I came up with a list of posts specific to my situation that I could write that ideally wouldn’t solicit a hateful response from readers:

  1. Ten Reasons Why I Love My Wife
  2. Lessons I’ll Have to Teach My Biracial Kids
  3. Things My Wife Doesn’t Get About Me and I Don’t Get About Her
  4. Lawry’s vs. Adobo: A Definitive Analysis of Family-Style Cooking
  5. Who Gon’ Watch the Kids: My mother don’t speak Portuguese and hers don’t speak English

#1 – Seemed like a good one, but then I thought, someone will definitely want to ask me why I thought I couldn’t get all of those things with a Black woman.

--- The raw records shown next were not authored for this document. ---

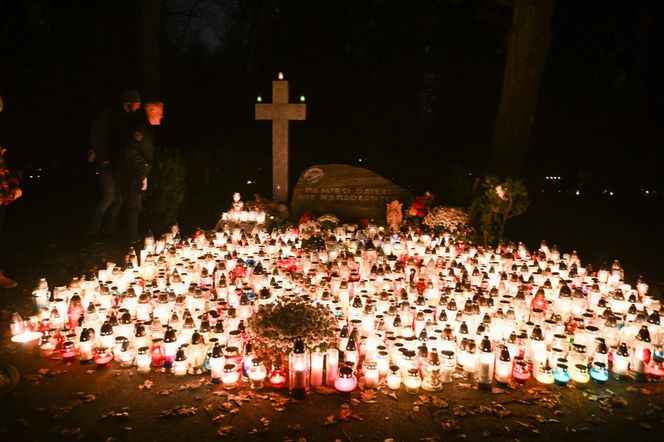   Setki migoczących zniczy. Tak wyglądają polskie cmentarze po zmroku. Zobacz niezwykłe zdjęcia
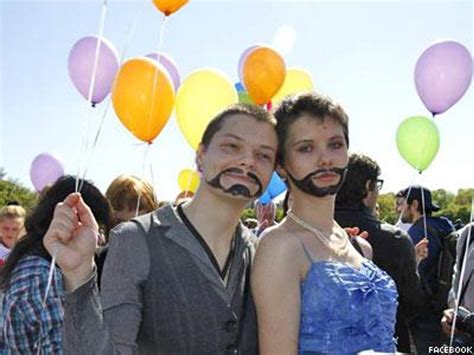 Russia Declares St. Petersburg LGBT Group 'Foreign Agent'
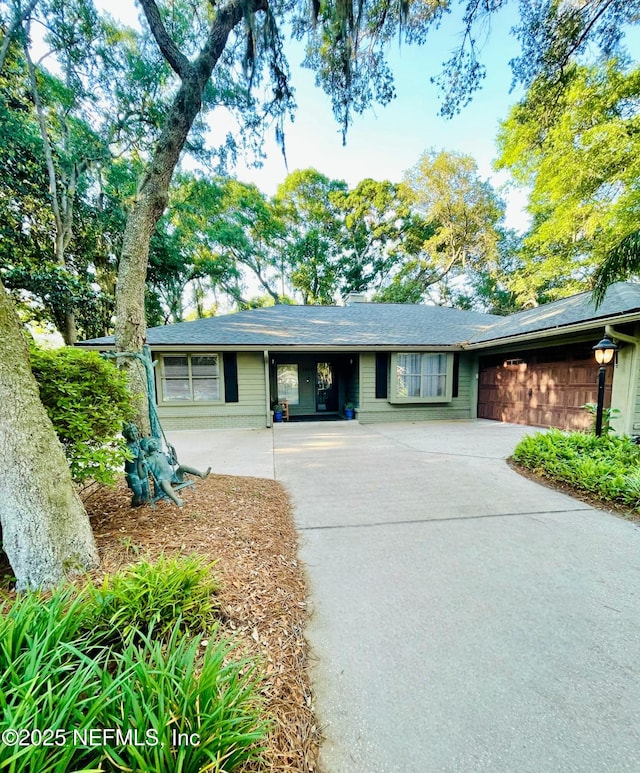 1937 Lakeside Dr N, Fernandina Beach, FL 32034 - ranch-style house with concrete driveway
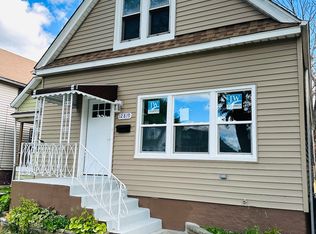 12819 Honore St, Blue Island, IL 60406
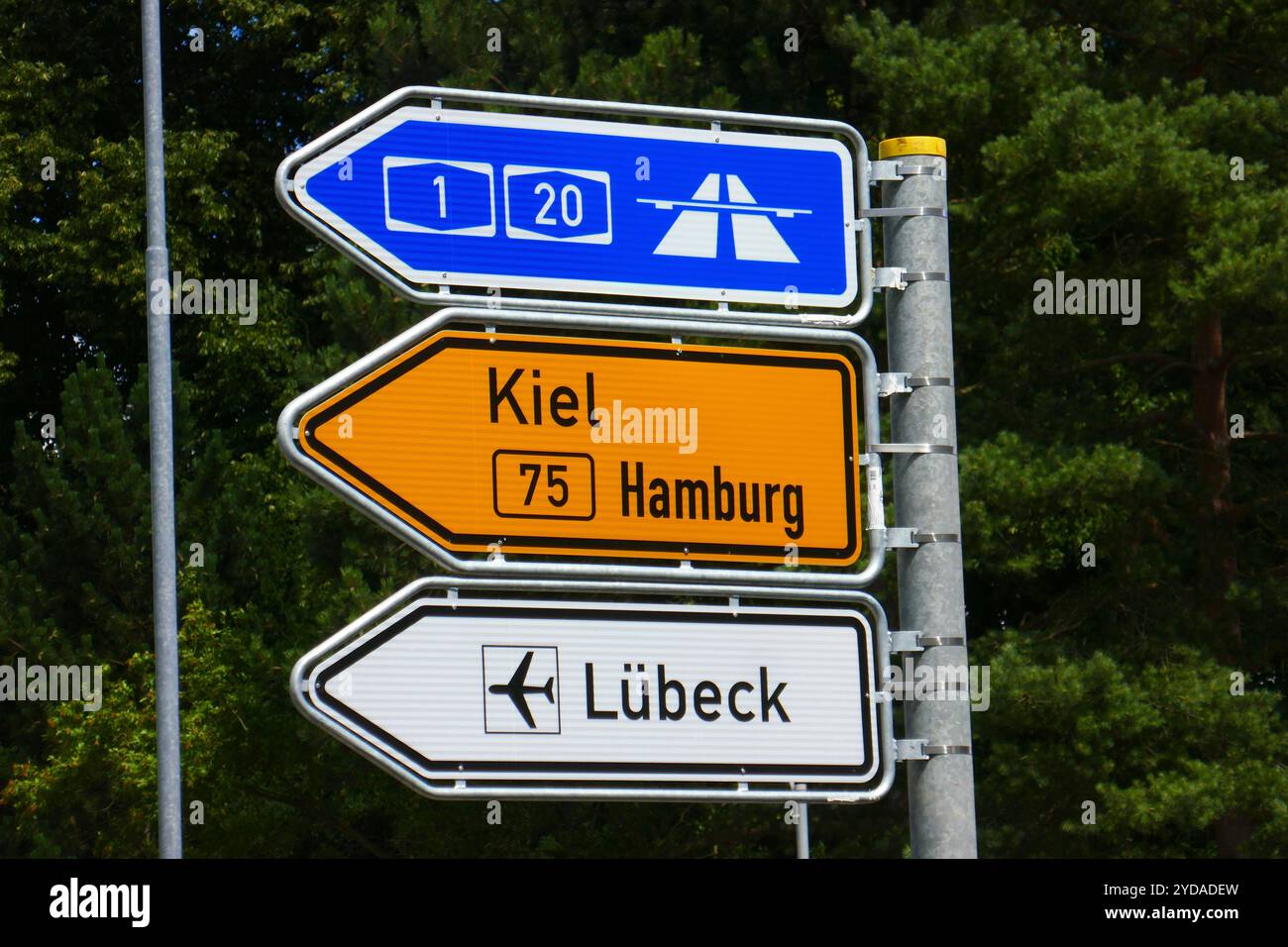 Pfeilschilder in Richtung Flughafen LÃ¼beck, Deutschland Stockfoto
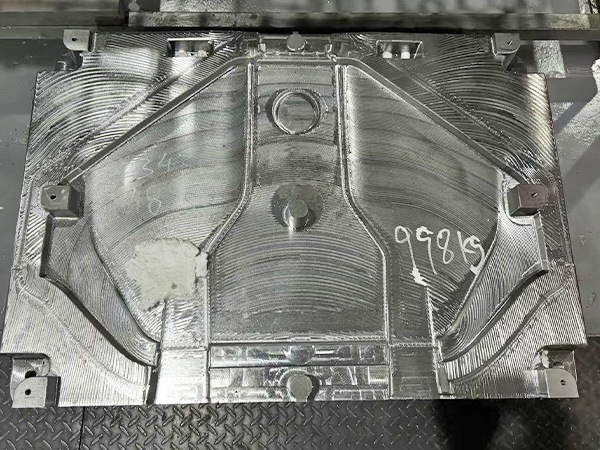 模具钢材真空热处...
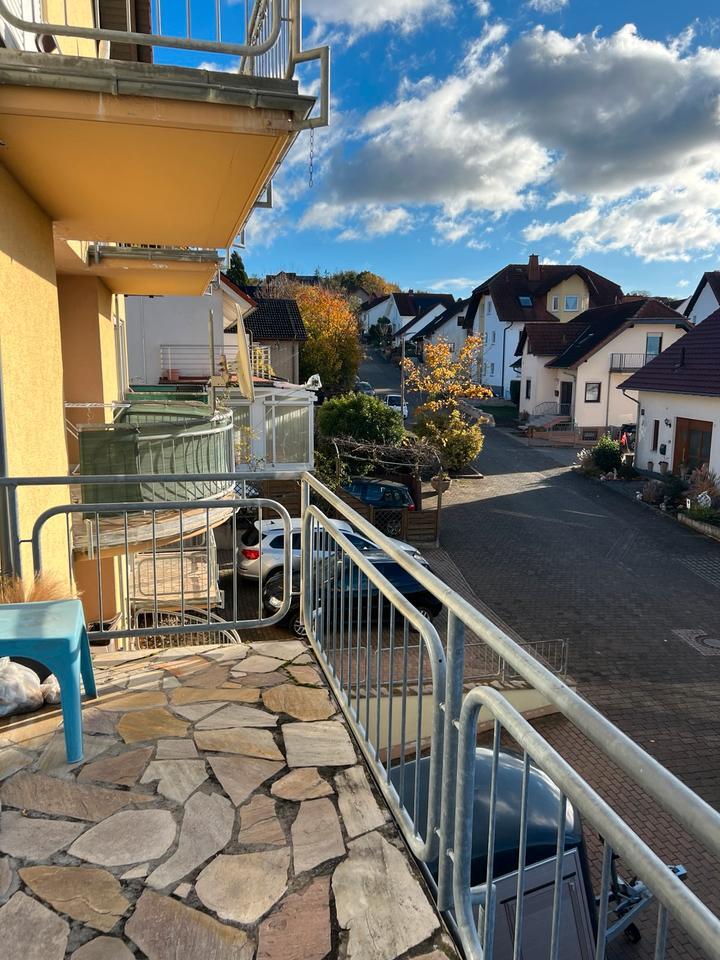 Schöne helle 3 Zimmer Wohnung zimmer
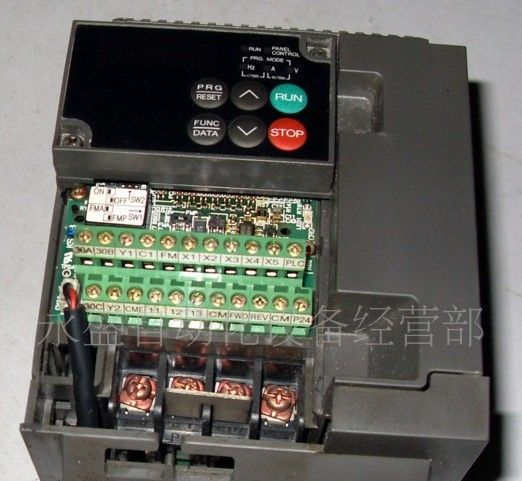 富士FVR-E11S-2.2KW三相220V变频器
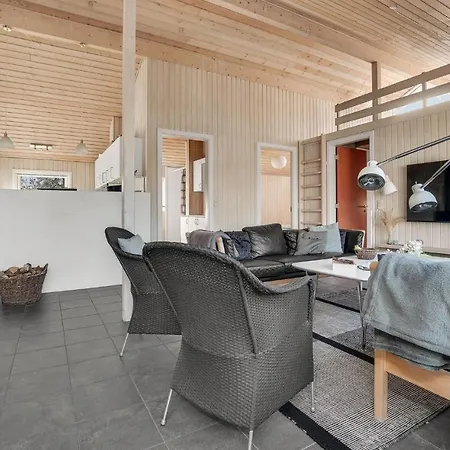 Beach Front Home In Fjerritslev With Sauna 別荘 *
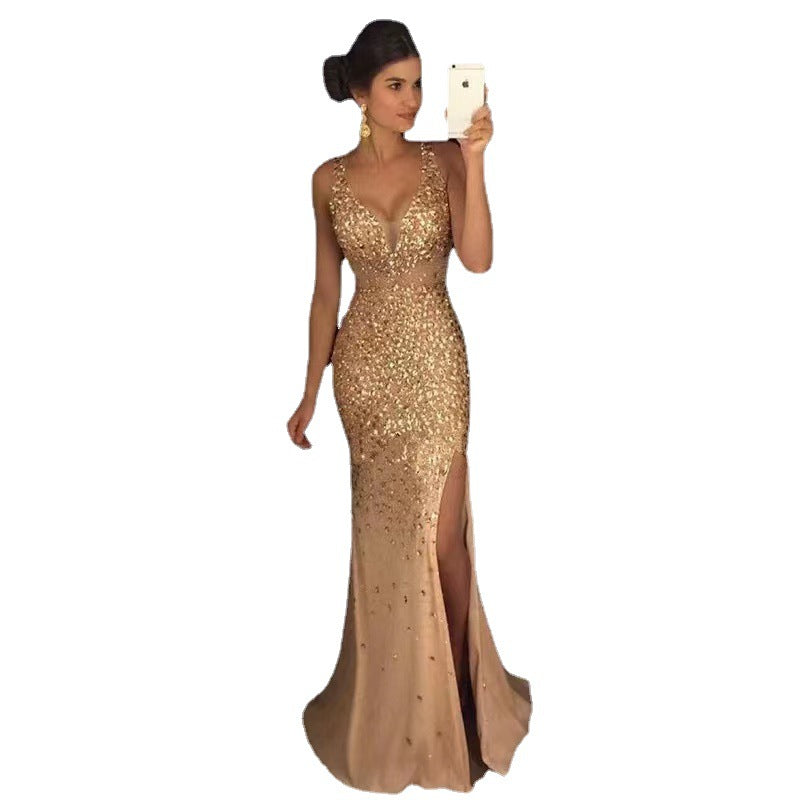 Women's Glamorous Evening Dress with Shimmering Sequins and Deep Slit Lune London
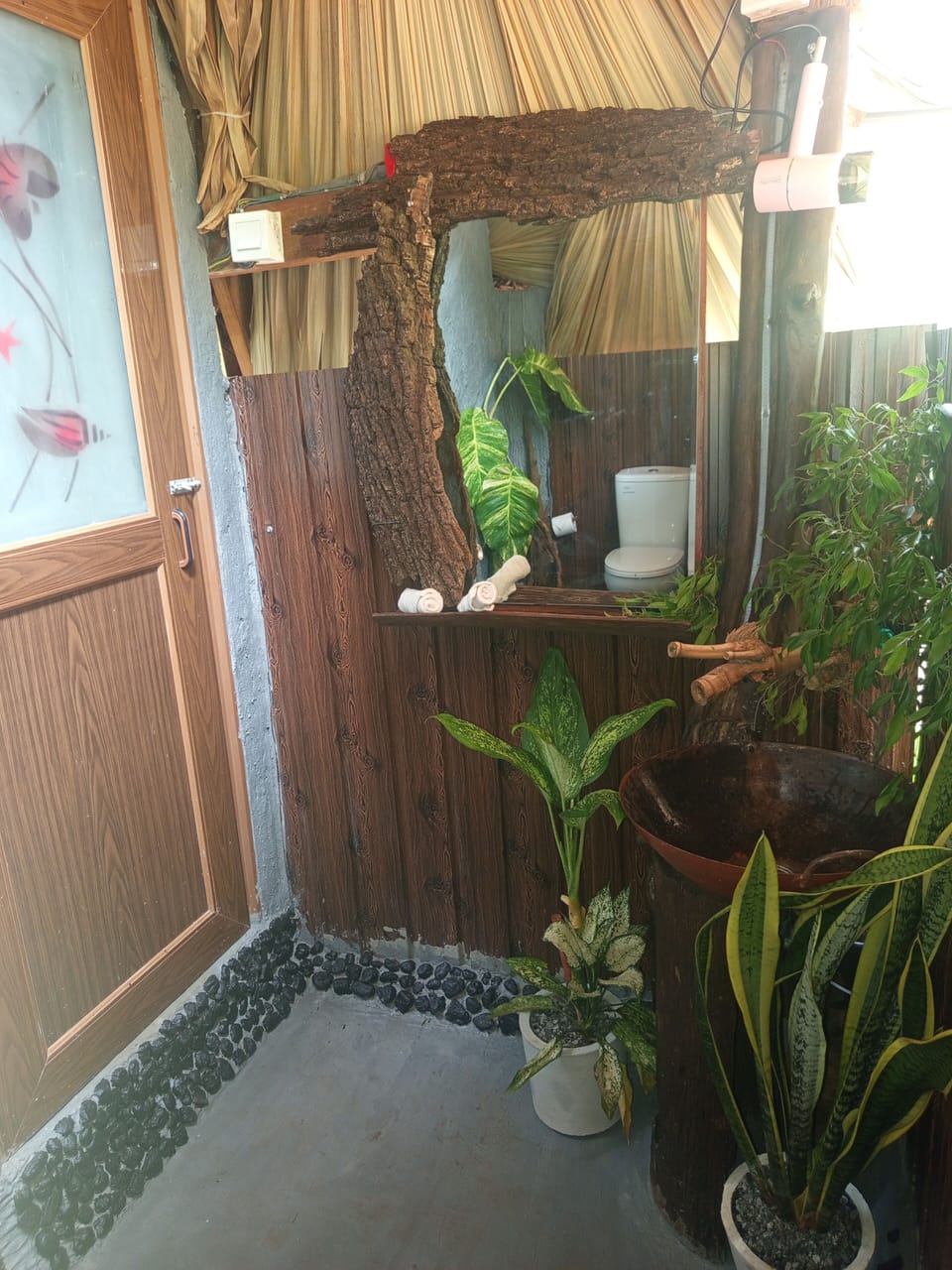 Family Tree House, Balcony, Garden View | Interior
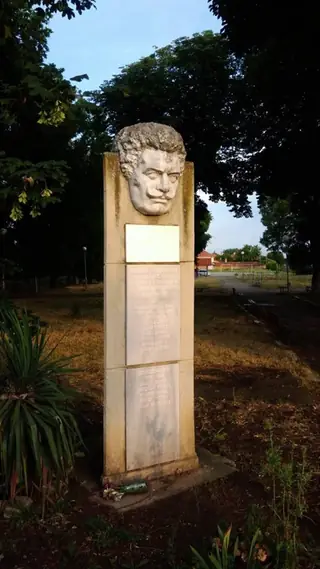 Паметник на Александър Стамболийски - с.Могила — Могила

#2 – Jesus Christ, I do not want to have to deal with a comment section on good and bad hair, and the privileges associated with biracial kids.

#3 – This would just serve as evidence for Black women to tell me why you have to marry a Black woman if you want someone who is going to understand you.

#4 – I couldn’t come to a conclusion on which one was better myself.  Plus, Mrs. Dash’s, Season-All and Nature’s Seasoning be winning too.

#5 – I just saw this post headed in a direction where we couldn’t come to a firm conclusion on whether or not it’s right to raise children in America in a different language other than English.  That’s an argument that I don’t want to touch with a ten foot pole.  Or the more popular conversation among Blacks, Africans and Caribbeans; Why African-Americans don’t know how to raise children.

I didn’t see anything good coming out of those posts.

I think she's being typecasted.

I found myself thinking that I had lost faith in the readers. I lost that attraction to the relationship that we’ve built since 2009.  Somewhere in all of this, I’m sure it could be explained to me how this is all my fault.  Yeah, I don’t care about all that, the people who know me, know me, the people who don’t, don’t.  I looked at all the coaches that walk away from championship teams in their prime when it doesn’t seem like they’re getting the same results they once did, they always cite, “I just thought they needed to hear a new voice.”  I guess that’s what happened to my faith with black sex & relationship blogging, you guys just need to hear a new voice.  Whether I think that voice is one that makes it easier to take the advice because they tell you the truth without being honest, or if I feel like it’s a flat out lie, is neither here nor there.  I lost faith in our relationship as writer and reader that I could ever write a post about the woman I was dating, or the woman I was marrying.  Once I lost that faith, this whole thing didn’t seem worth it anymore.

Did you really expect not to go out without a little bit of controversy?